Why does Group of 184 hate Aristide?

by Lavalas (flood) will drown Andre Apaid Thursday, Mar. 02, 2006 at 2:33 PM

Some reasons why Group of 184 participated in the coup against democratically elected Arisitide..

The group of 184 in Haiti mostly consists of wealthy Haitian businessmen and most of their funding comes from overseas import/export business interests..

"We are concerned for two main reasons:

· The Group of 184, while including some representatives of various sectors of civil society, is in fact dominated by one specific sector with very particular interests - private sector business associations;

· A vast array of other civil society organisations are being ignored, their important views are not being sought, and their experience and expertise are not being utilised.

1) The Group of 184 is an extension of the Groupe d'Initiative de la Société Civile (GISC, Civil Society Initiative Group), a coalition that formed in 1999 and played a prominent role in the failed attempts to resolve the political crisis that paralysed the country from May 2000. The GISC was wholly unrepresentative of the Haitian majority, and was predominantly a collection of business and religious elite organisations.*

In December 2002, what was the GISC widened its membership to include some peasant organisations, student groups and non-governmental organisations, and became the Group of 184 (according to its leaders, the Group of 184 takes its name from the "184 representatives of organisations from 13 sectors of Haitian civil society" that signed its first communiqué.)

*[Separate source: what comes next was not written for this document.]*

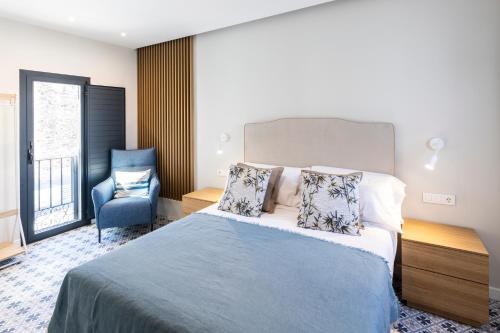 Ένα ή περισσότερα κρεβάτια σε δωμάτιο στο Apartamentos El Patio Plaza Mayor Cáceres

However, despite its pretensions to represent a variety of social sectors, the words and the actions of the Group of 184 suggest that it remains under the control and direction of its initial instigators and original driving force - the private sector. It is led by André Apaid jnr., an industrialist from a family business empire with interests in the assembly industry and the import/export business."

http://www.haitisupport.gn.apc.org/july06.htm

"We are also motivated by the publication in September of the National Coalition for Haitian Rights policy report, "Yon Sel Dwet Pa Manje Kalalou: Haiti on the eve of its Bicentennial" which contains the following sentence concerning the Group of 184:
"It is not yet clear who finances the group's activities -- whether it receives funding from abroad or if its entire budget comes from its membership or another arrangement altogether."

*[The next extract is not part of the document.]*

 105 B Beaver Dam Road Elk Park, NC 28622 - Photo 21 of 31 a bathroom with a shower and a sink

Thanks to information provided to the Haiti Support Group by the European Commission (EC) staff in Brussels and the EC delegation in Port-au-Prince, we are able to shed some light on this subject:

· The European Commission is co-financing a Human Rights / Democracy project with Haiti's Initiative de la Societe Civile (ISC) group. The European Commission's contribution is 773,000 Euros (US$890,374 at today's exchange rate). The duration of the contract is from 21/12/2001 to 21/12/2003."

http://www.haitisupport.gn.apc.org/184%20EC.htm

Since Group of 184 is a group of wealthy investors friendly with business interests outside of Haiti, it follows that they have good reason to dislike Aristide and may possibly motivate Group of 184 to participate with an outside interest that seeks to destabilaze the democratically elected Aristide/Lavalas coalition..

"The Group of 184 (G-184), is headed by Andre (Andy) Apaid, a US citizen of Haitian parents, born in the US. (Haiti Progres, http://www.haiti-progres.com/eng11-12.html ) Andy Apaid owns Alpha Industries, one of Haiti's largest cheap labor export assembly lines established during the Duvalier era. His sweatshop factories produce textile products and assemble electronic products for a number of US firms including Sperry/Unisys, IBM, Remington and Honeywell. Apaid is the largest industrial employer in Haiti with a workforce of some 4000 workers. Wages paid in Andy Apaid's factories are as low as 68 cents a day. (Miami Times, 26 Feb 2004). The current minimum wage is of the order of $1.50 a day:

"The U.S.-based National Labor Committee, which first revealed the Kathie Lee Gifford sweat shop scandal, reported several years ago that Apaid's factories in Haiti's free trade zone often pay below the minimum wage and that his employees are forced to work 78-hour weeks." (Daily News, New York, 24 Feb 2004)

Apaid was a firm supporter of the 1991 military coup. Both the Convergence démocratique and the G-184 have links to the FLRN (former FRAPH death squadrons) headed by Guy Philippe. The FLRN is also known to receive funding from the Haitian business community.

In other words, there is no watertight division between the civilian opposition, which claims to be non-violent and the FLRN paramilitary. The FLRN is collaborating with the so-called "Democratic Platform."
"

http://www.globalresearch.ca/articles/CHO402D.html

Also, Andre' Apaid is a plain old sweatshop owner and Aristide support unionizing sweatshop workers. Therefore Aristide is a threat to Apaid's financial profit margin..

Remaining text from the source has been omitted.